Syrah also plays an important component in the canonical Southern Rhône blends based on Grenache, Syrah and Mourvèdre, adding color, depth, complexity and structure to the mix. Today these blends have become well-appreciated from key appellations of the New World, namely Australia, California and increasingly, with praise, from Washington.

Tasting Notes for Syrah

Syrah is a dry, red wine that typically shows aromas and flavors of purple fruits, fragrant violets, baking spice and even bacon, smoke or black olive. In Australia, where it goes under the name Shiraz, it produces deep, dark, intense and often, jammy reds. While Northern Rhône examples are typically less fruity and more earthy, California appears increasingly capable of either style.

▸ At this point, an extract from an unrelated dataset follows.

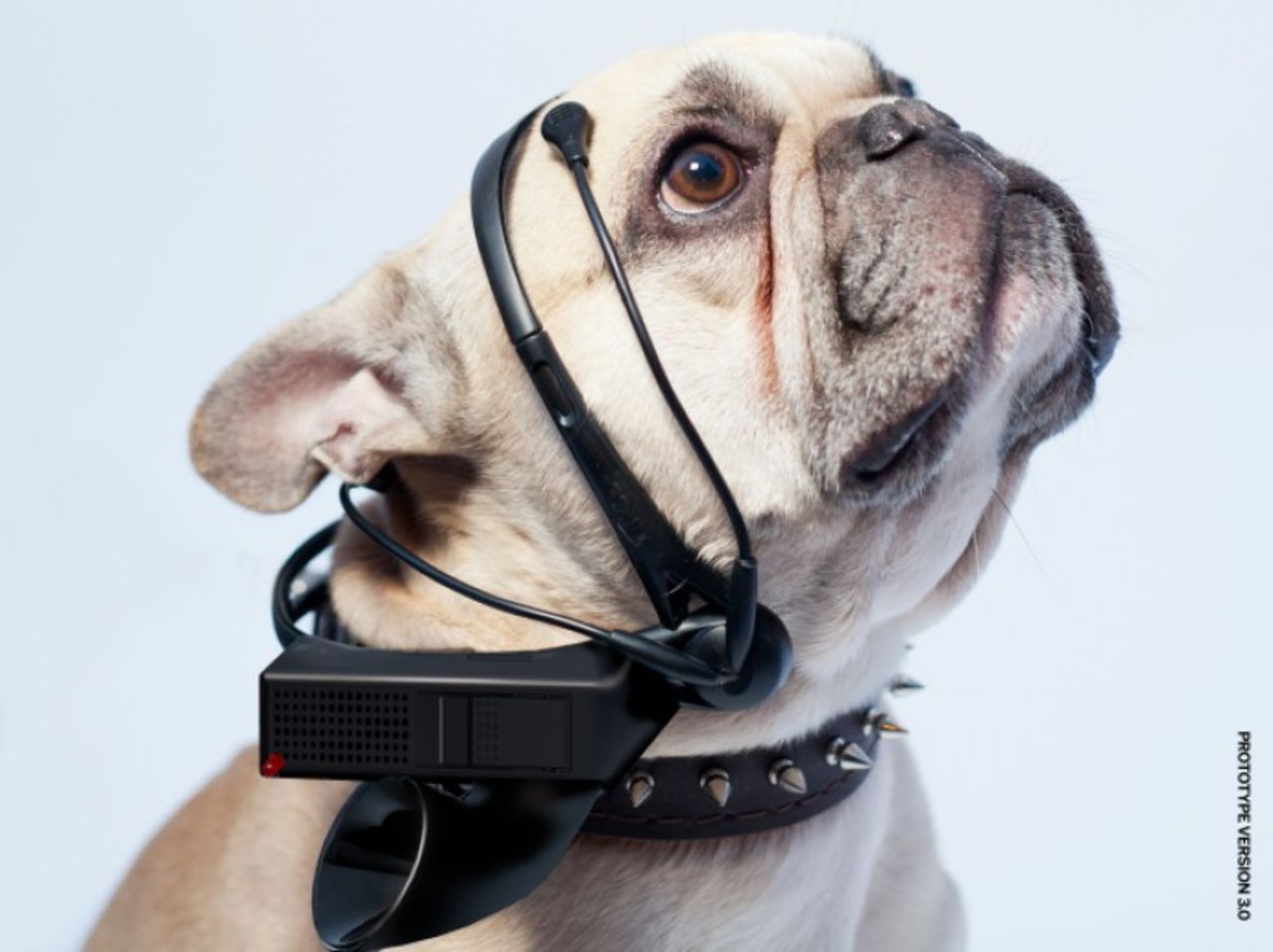 'No More Woof' afirma ser "el primer dispositivo en traducir los pensamientos de los animales al lenguaje humano".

Perfect Food Pairings for Syrah

Flavorful Moroccan-spiced lamb, grilled meats, spareribs and hard, aged cheeses are perfect with Syrah. Blue cheeses are perfect with a dense and fruit-driven Australian Shiraz.

Sommelier Secrets for Syrah

Due to the success of Australian “Shiraz,” winemakers throughout the world have adopted this synonym for Syrah when they have produced a plush and fruit forward wine made in the Australian style. As an aside, Australians are also fond of tempering their fruit-forward Shiraz by blending with Cabernet Sauvignon, which adds depth and structure.